An annual gay and lesbian wedding expo in West Hollywood, Calif., took on greater meaning due to the same-sex wedding spree going on in San Francisco. Carly Foster, 29, of Agoura Hills, married Caprice Fowler in San Francisco on February 15, but she was among the estimated 2,000 people who attended the expo Sunday because the couple plan to renew their vows. "I hope the state will back our marriage," Foster said. "If they don't, it will send a message that we don't mean anything."

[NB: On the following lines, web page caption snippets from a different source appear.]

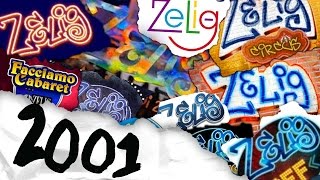 20 anni di Zelig in TV  2001 [upl. by Ciccia150]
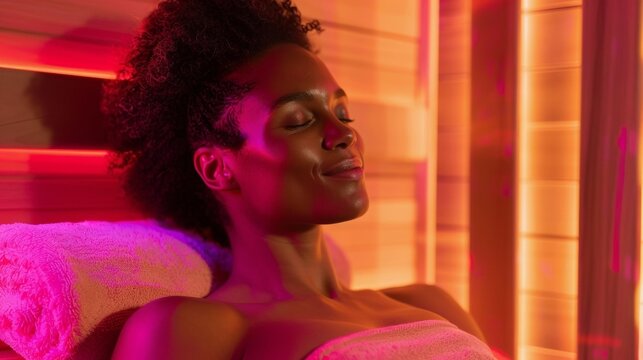 Harnessing the power of infrared technology our sauna promotes detoxification pain relief and improved circulation. .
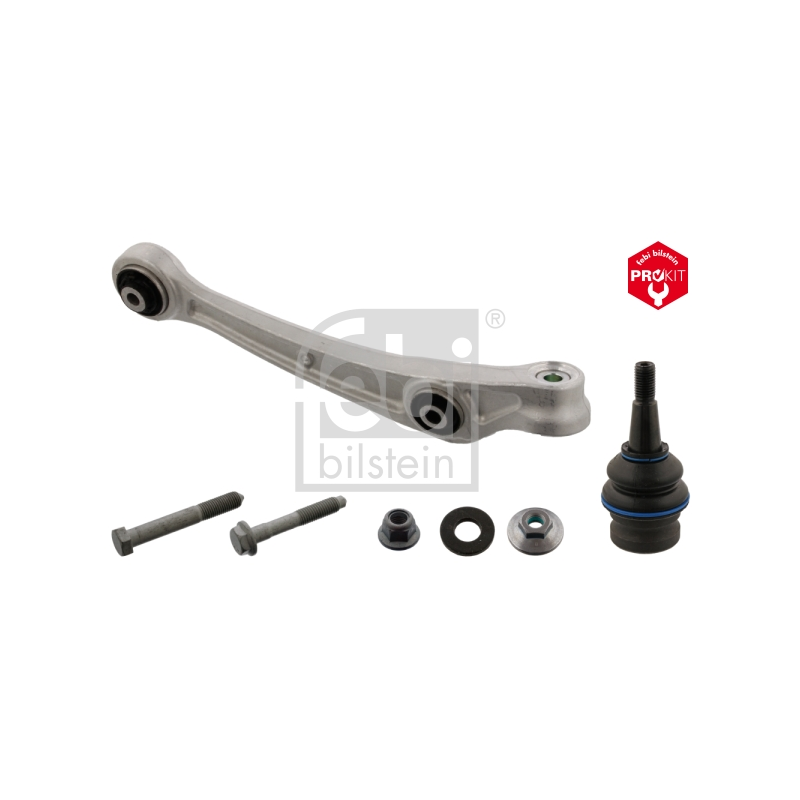 Braccio oscillante asse anteriore - FEBI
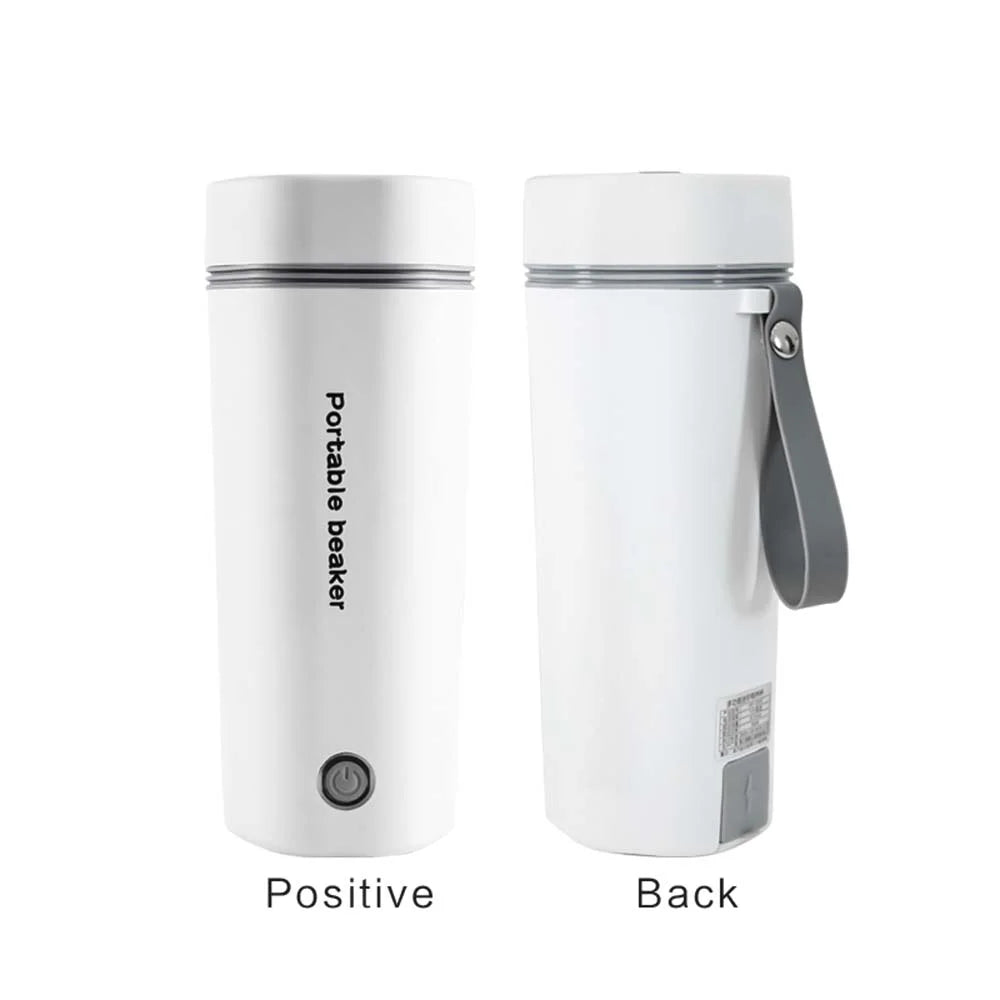 Portable Electric Kettle 350ML Stainless Steel B74587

San Francisco continues to issue same-sex marriage licenses despite protests from conservative groups and Gov. Arnold Schwarzenegger, who has directed state attorney general Bill Lockyer to take action and stop the marriages. Ignoring the legal fight for the time being, couples blissfully strolled an exhibition room at the Wyndham Bel Age hotel checking out various vendors. There were cake designers, travel agents, and florists mixed in with attorneys and nondenominational ministers who preside over civil union ceremonies or gay commitment ceremonies.

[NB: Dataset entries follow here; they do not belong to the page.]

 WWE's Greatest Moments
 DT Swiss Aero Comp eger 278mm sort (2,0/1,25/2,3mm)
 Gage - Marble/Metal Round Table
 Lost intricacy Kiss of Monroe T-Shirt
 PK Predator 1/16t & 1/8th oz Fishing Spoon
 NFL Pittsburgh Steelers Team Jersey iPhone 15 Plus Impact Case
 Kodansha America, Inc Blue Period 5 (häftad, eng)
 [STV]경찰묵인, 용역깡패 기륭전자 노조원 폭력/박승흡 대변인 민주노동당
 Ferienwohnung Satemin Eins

Organizers Desiree V. Hargrave and her partner, Kimberley Sikes, said they set up the expo to give gay couples a venue to shop for their wedding. Many wedding expos cater to heterosexual couples and sometimes turn away same-sex couples, Hargrave said. "Couples do want to get married and they need to find businesses that can help them out," Sikes said.

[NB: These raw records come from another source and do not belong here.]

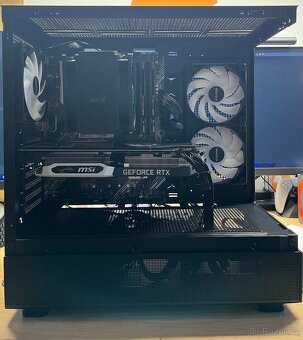 🔥 Herní počítač – Ryzen 7 5700 + RTX 2070 | 32GB RAM 🔥 - 4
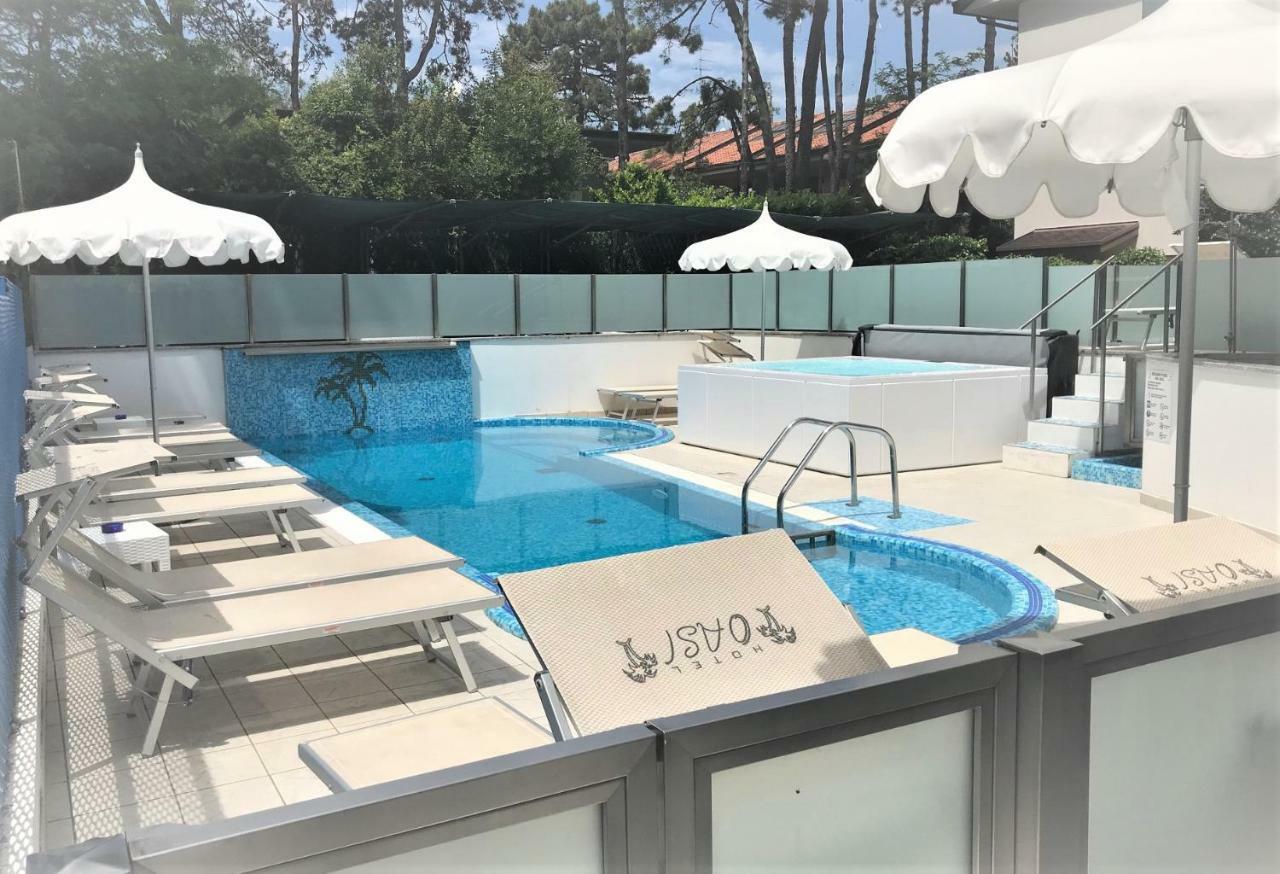 Hotel Oasi Λινιάνο Σαμπιαντόρο Εξωτερικό φωτογραφία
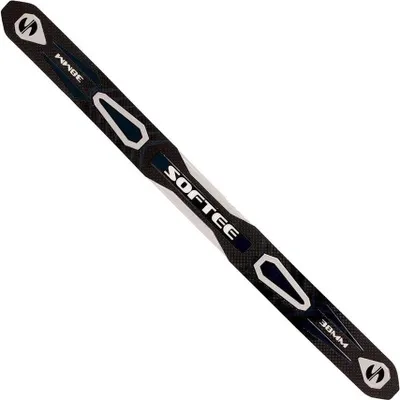 Immagine prodotto di Softee Geometry Protezione per racchetta da padel Blu, Nero  Blu, Nero Taglia unica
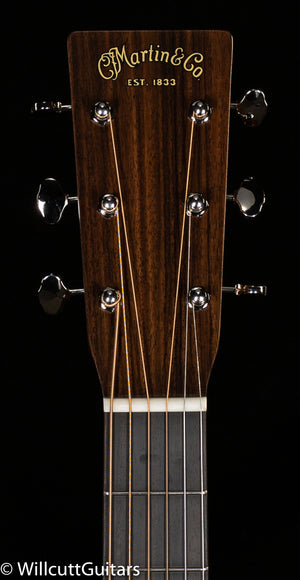 Martin Custom Shop 00 18 Style Sinker Mahogany/Adirondack VTS (373)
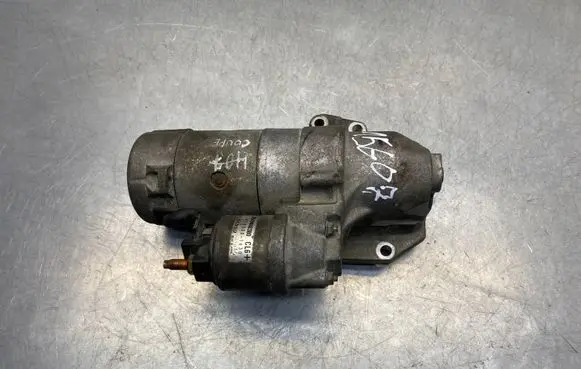 Peugeot 407 Starter motor 9649448380 428001630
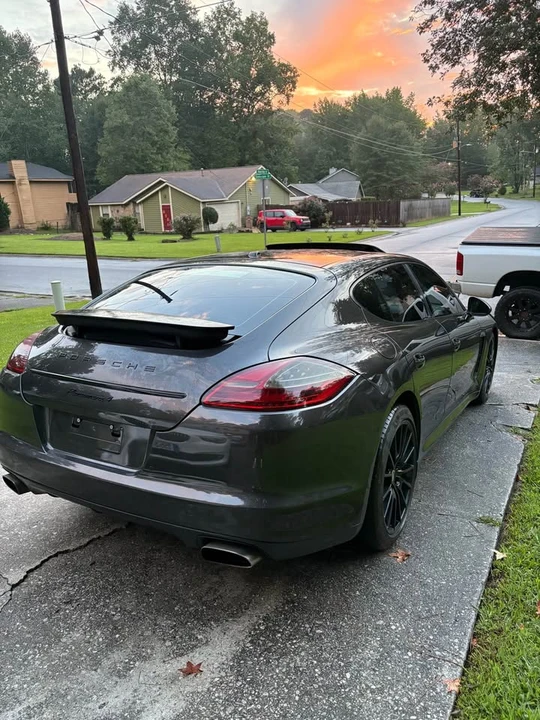 2012 Porsche 970 Panamera - Image 6 of 20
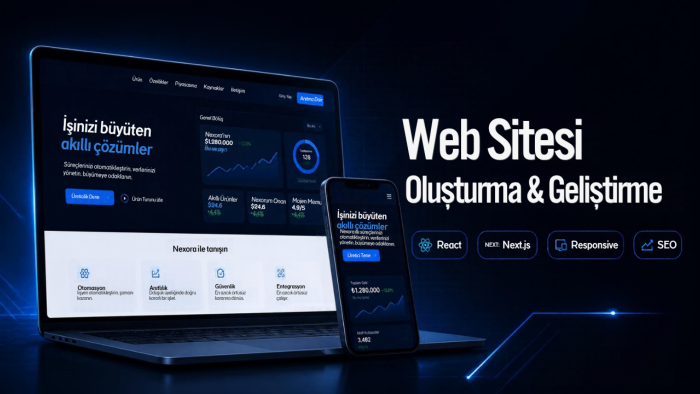özel modern ve hızlı web sitesi hazırlayabilirim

For some gay couples, traveling to San Francisco to be legally married wasn't a priority. Jack Tobey, 51, and his partner, Marty Robinson, 42, of Corona planned to have a commitment ceremony in October. "We're not going to challenge the legality of it," said Tobey, who browsed for cakes, rings, and other accessories for his wedding. "We support the couples who are doing it, but getting married [in San Francisco] won't make a difference for us," he said.
Some straight couples said they were disappointed with what they called Schwarzenegger's shortsightedness on gay marriages, an issue they feel could benefit California. "If gay couples are married, they have to file for a higher tax rate," said E.J. Campfield, a marriage commissioner who oversees about 75 commitment ceremonies a year. "That could help solve our budget problems here in the state."